Imagine being in a meeting, or giving a presentation, or debating with a colleague and you start spitting out specific facts and figures at will… and without referring to your notes (or Google).
Feats like this demand instant respect.
Those who can remember numbers are perceived as more knowledgeable, intelligent, and trustworthy.
Who wants to be the fool fumbling through their papers between each point to keep looking up data? That’s not how you gain authority.
The problem is, numbers are hard as sh*t to remember. Numbers don’t have a color, they don’t make noises, and you can’t just pick one up and throw it at someone.
Let’s face it, numbers are boring (unless they have 2 or 3 commas and are written on your checking account balance).

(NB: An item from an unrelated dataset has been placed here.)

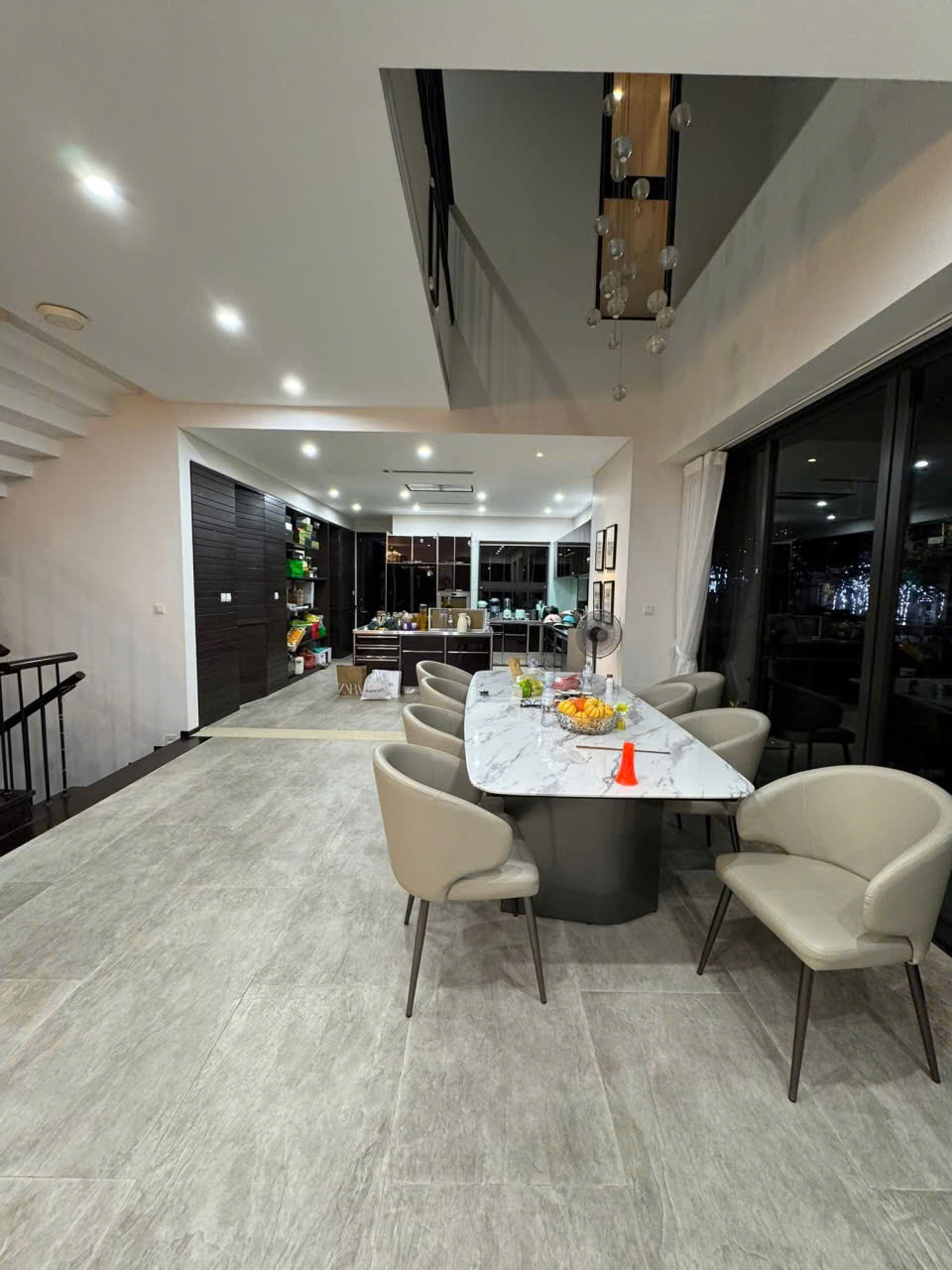 Biệt thự đơn lập, full đồ cao cấp bên Vinhomes Riverside Long Biên cần cho thuê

We need something to make our numbers POP. Something that will make them stick.
This training post is going to teach you a very effective method called the mnemonic major system. It was developed by a man named Stanislaus Mink von Wennsshein over 300 years ago and it’s the same method used today by many of those memory masters out there rambling off a bajillion digits of pi like it’s nothin’.
Basically what we are going to do is transform digits into letters, letters into words, and words into memorable images you can’t help but remember.
What To Do
Step 1: Learn the code
Below is the translation of digits 0 through 9—tricks to remember are in parenthesis:
- 0 = S, Z (S sounds like the hissing of spinning wheel—which looks like a zero, zero starts with the letter Z)
- 1 = T, D (Both T and D have 1 down stroke)
- 2 = N (N has 2 down strokes. Also, turning 2 clockwise looks like N)
- 3 = M (M has 3 down strokes. Also, turning 3 counter-clockwise looks like M)
- 4 = R (the word “four” ends in R. Also, the bottom half of R looks like half of a 4 turned on its side)
- 5 = L (Roman numeral L = 50. Also, if you hold out 5 fingers, your index and thumb form an L)
- 6 = J, Sh, soft Ch, soft G (the mirror image of 6 looks like a J and Sh, soft Ch, and soft G all sound similar to J)
- 7 = K, C (K can be drawn with 2 sevens on top of each other, hard C sounds like K)
- 8 = F, V (cursive f resembles an 8, V sounds similar to F)
- 9 = B, P (lowercase b and p both look like a 9 when turned)
The letters w, h, y are all filler letters and have no number translation. The same goes for all the vowels—a, e, i, o, u. Also, double letters count as 1 letter and we go by the sound of a letter (so a silent b will not count as a digit).
A phrase is much easier to remember than a long string of digits because now you can visualize images that are associated with that phrase. From there, you can create a story out of that phrase that relates to what the actual number stands for.
Now to remember numbers that are completely lifeless, all you have to do is remember a story with images, color, emotions, etc.—which is much more on par with how your memory system operates.
Step 2: Translate each digit to a letter
Say for example, we are incorporating the birth of the mobile phone into one of our arguments. We want to sound smart, so we nonchalantly toss in the date of the first mobile telephone call— which was 4/3/1973.
- 4 = R
- 3 = M
- 1 = T or D
- 9 = B or P
- 7 = K or C
- 3 = M
So we would be left with: r, m, t/d, b/p, k/c, m
Step 3: Create a word or phrase out of those letters
This ends up being the trickiest part for people because they get too caught up with trying to make the perfect sentence.
Don’t do that!!! We want to have something different.
Just think of anything you can work with. Go with the first thing that pops up in your head. Keep in mind too, you might not have the luxury of time to sit there testing multiple combinations.
So the first thing that came to me was… harm to bake em’. Sounds dumb, I know. That’s a good thing.
Step 4: Create a wacky story that links the phrase to the meaning of the number
Chances are your words or phrases are going to seem like they have nothing to do with the meaning of the number. That’s fine because we have a little something called imagination.
In this step, you will use the power of your imagination to tie these words together and make the story memorable.
For our example, you can visualize yourself tossing one of those HUGE cell phones from way back in the day, into an oven.
Why you would do this, I don’t know. Maybe because you’re weird?
You have to make it something absurd so it stands out to your mind. The more off-the-wall it is, the better.
Now imagine the phone violently sparking until it explodes and takes the entire oven to pieces.
And now you know that it causes “harm to bake em’”.
Again, encoding the perfect message, and creating a practical story is neither required nor encouraged. Just come up with something and roll it into a unique visual that your mind can’t help but remember.
You can use this method to remember numbers such as sports statistics, physical constants, phone numbers, credit card numbers, facts and figures, social security numbers, important dates, and anything else with a number.
- Practice by writing down the numbers 00-100 and coming up with a word for each. e.g. 00 = sis, 01 = sit, 02 = sun, etc.
- Longer more complex numbers only means a longer story. And we remember stories everyday—especially if they are weird.